The coordination of Zn²⁺ with 2-methylimidazole through the N atoms can be further evidenced by FTIR spectroscopy, since the Zn−N stretching mode is featured by a strong band at about 420 cm−^{1 13}. Figure 5 shows the FTIR spectrum of ZIF-8 synthesized in our laboratory. There is a strong sharp band peaking at 421 cm−¹ due to Zn−N bonds. The other bands at higher frequencies are ascribed to the 2-methylimidazole ligands ¹⁴.

The thermal stability of ZIF-8 under argon can be controlled by TG analysis (Figure 6).
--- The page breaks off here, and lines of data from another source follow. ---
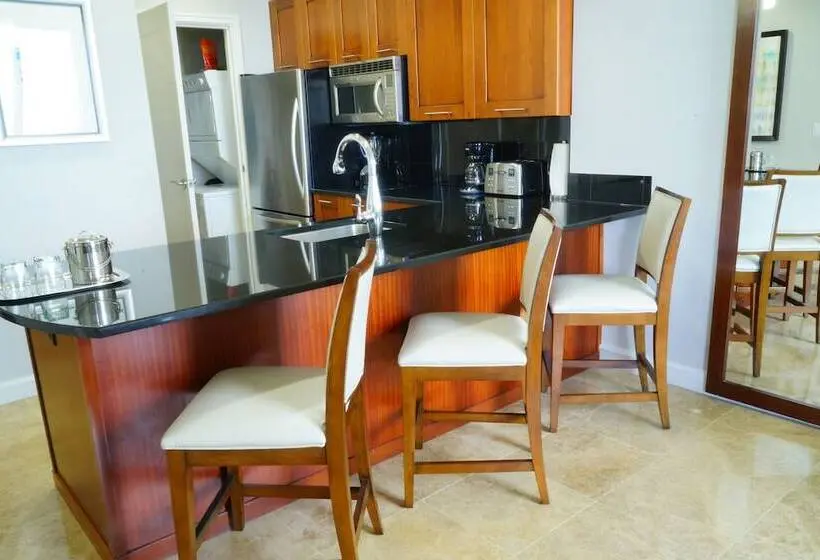 キングサイズベッドのデラックススイート, Palm Beach Singer Island Resort & Spa Luxury Suites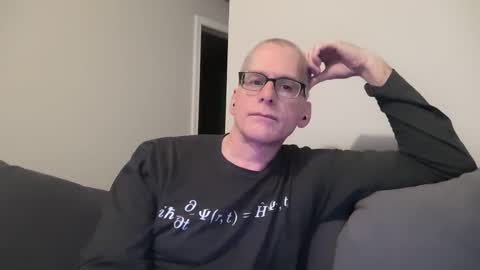 Snapshot of budman004 chatting on May 9, 2026, 12:16 am budman004 online show from May 9, 2026, 12:16 am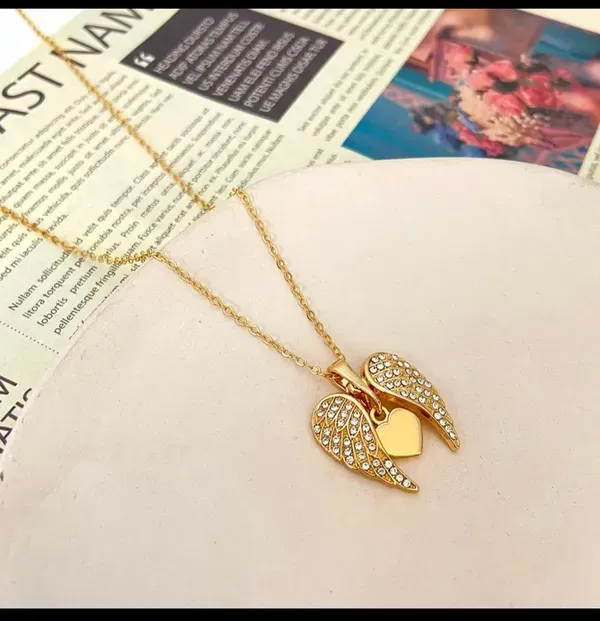 Gold_Alloy_Pendant_Necklace_For_Women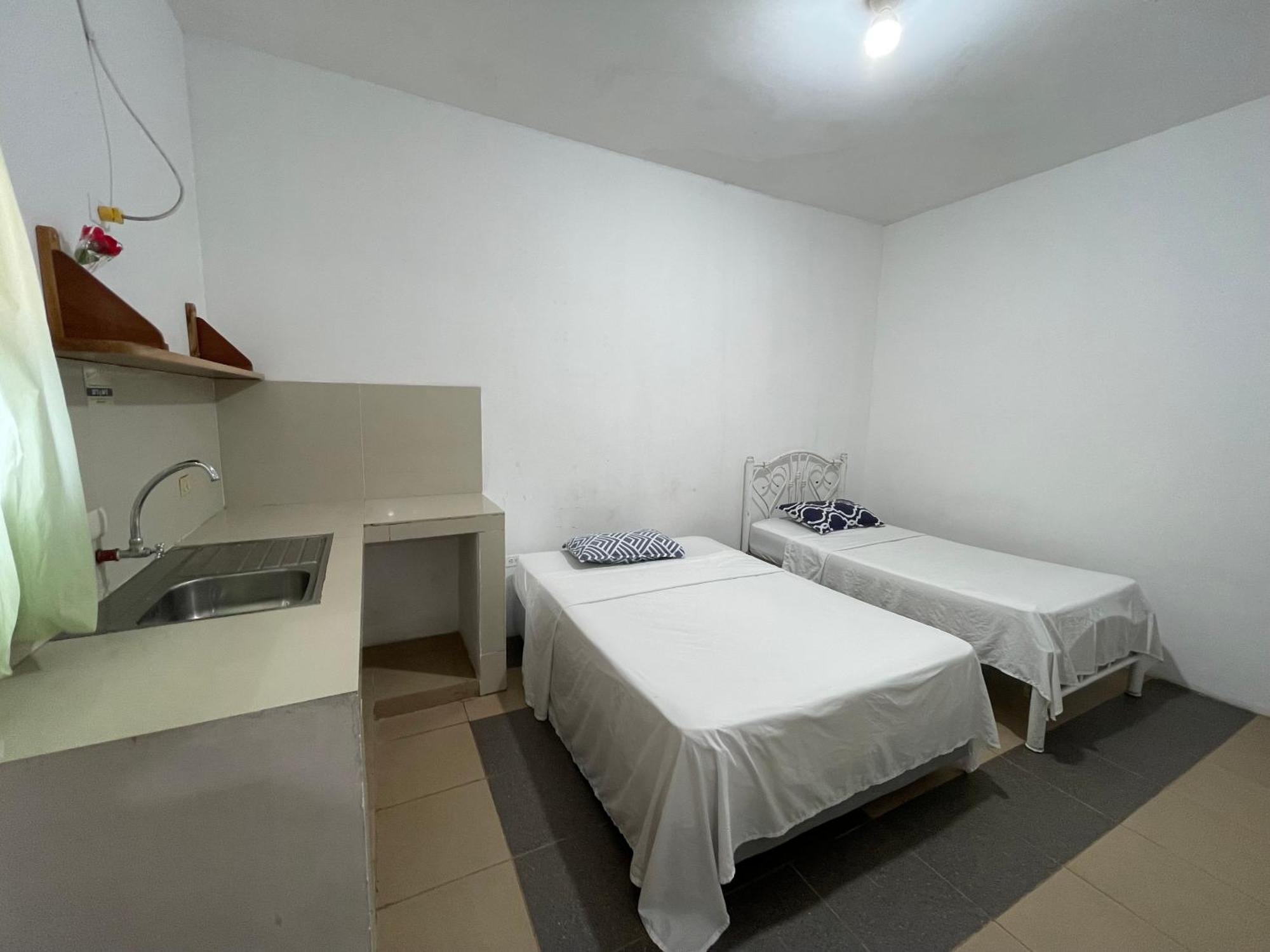 Casa De Huespedes "Darling" Hotel Пуерто Бакерисо Морено Екстериор снимка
Before the analysis, the students determine the analysis conditions based on the open literature, where it is reported that neat ZIF-8 is stable up to about 300°C and it decomposes up to about 600°C ^{15, 16, 17}. Accordingly, the TG analysis is performed with more than 10 mg of ZIF-8 sample, between 50 and 700°C, and with a heating rate of 10°C min−¹. In our conditions, ZIF-8 is stable up to about 300°C. Above this temperature, it decomposes and shows a weight loss of 56.6 wt% at 610°C. This is consistent with the TG results reported in the references mentioned above. There are slight differences in terms of the onset temperature of decomposition, the temperature at which the decomposition ends, and the weight loss, which can be easily explained to the students because of differences in the experimental conditions (discrepancies in the heating rate and the flow rate of the inert gas mainly). Through a discussion based on the TG curve, the students are theoretically introduced to other techniques that could be coupled to the TG analyzer in order to identify the decomposition gases (namely, gas chromatography and mass spectrometry, as well FTIR spectroscopy), as well as to carbonization of ZIF-8 under inert atmosphere ¹⁸. Briefly stated, ZIF-8 can be synthesized in a quite easy way and in safe conditions, which allows undergraduate students producing enough material for verifying the successful synthesis and its thermal stability by using various analysis techniques such as SEM, powder XRD, FTIR spectroscopy, and TG analysis. Such a laboratory experiment could be adopted in another laboratory as it is, or through adjustments.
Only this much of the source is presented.